Work item: Using the listing below, copy exactly each line from the one that has "Fire Burning Black Background — Stock Video" through the one that has "landscape by ianmetcalfe"; omit the pictures.

==== Data supplied ====

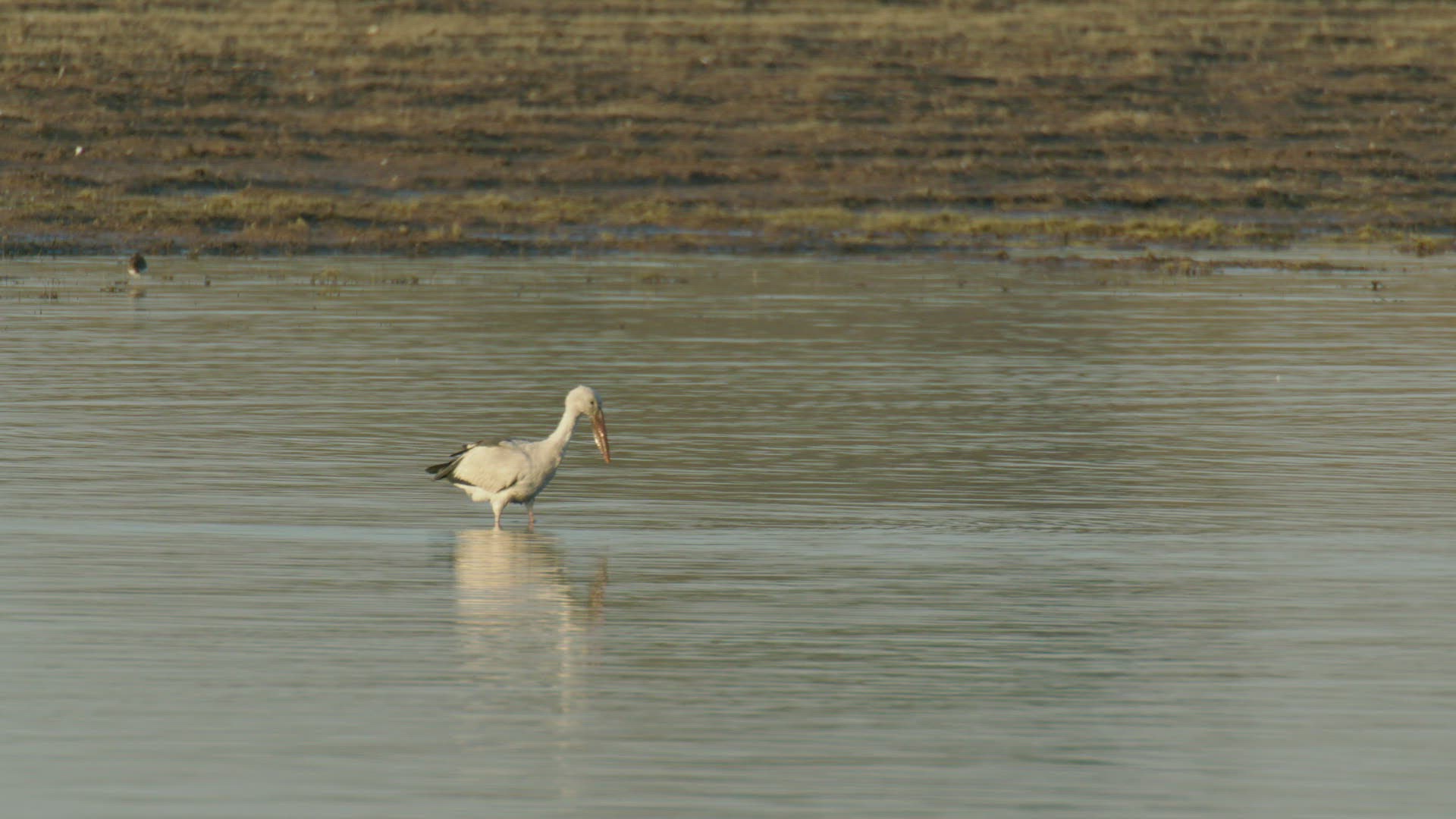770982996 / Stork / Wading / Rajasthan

====
==== Data supplied ====

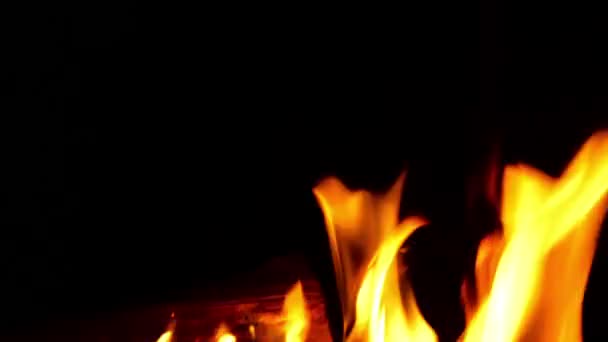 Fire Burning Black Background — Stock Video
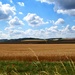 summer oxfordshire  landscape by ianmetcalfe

====
==== Data supplied ====

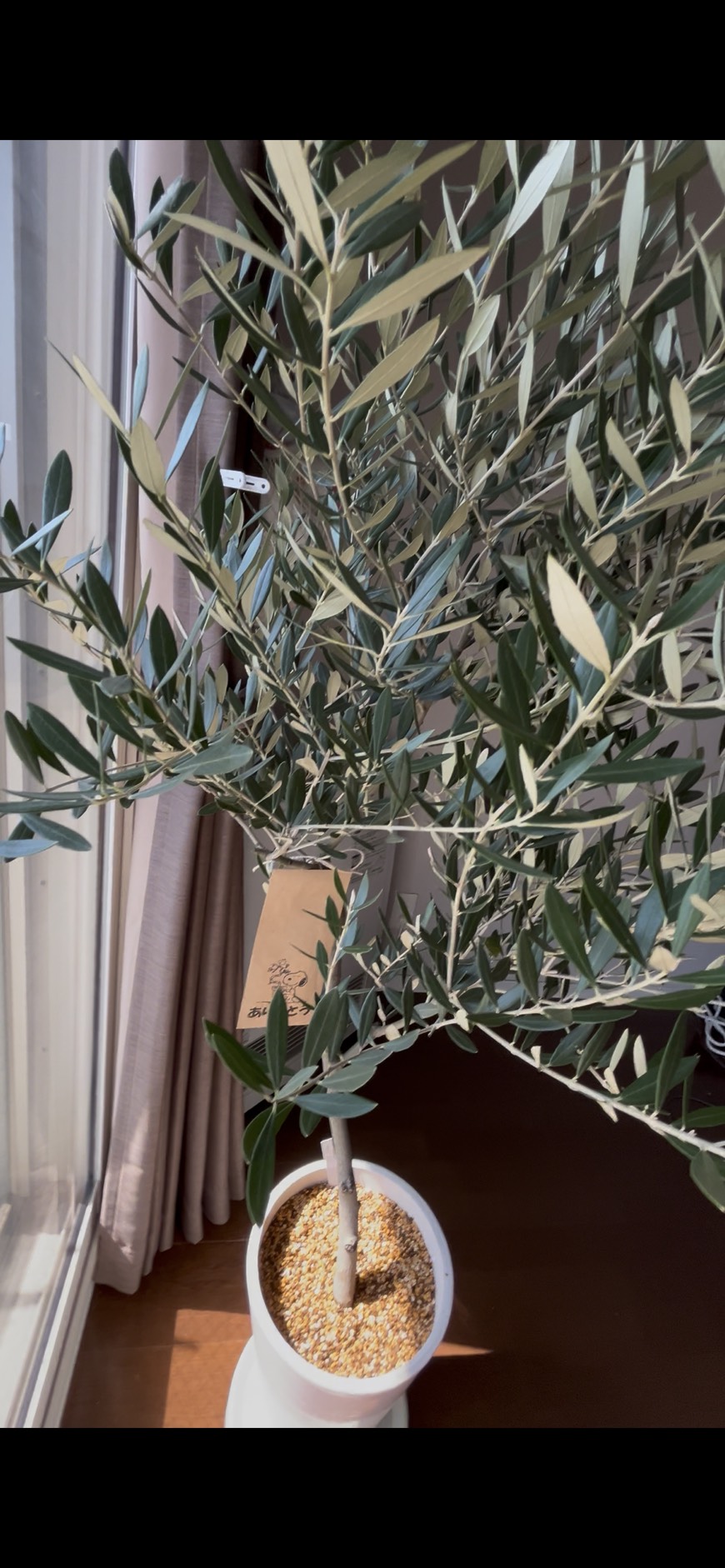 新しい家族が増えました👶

====

Solution to this exercise:
 Fire Burning Black Background — Stock Video
 summer oxfordshire  landscape by ianmetcalfe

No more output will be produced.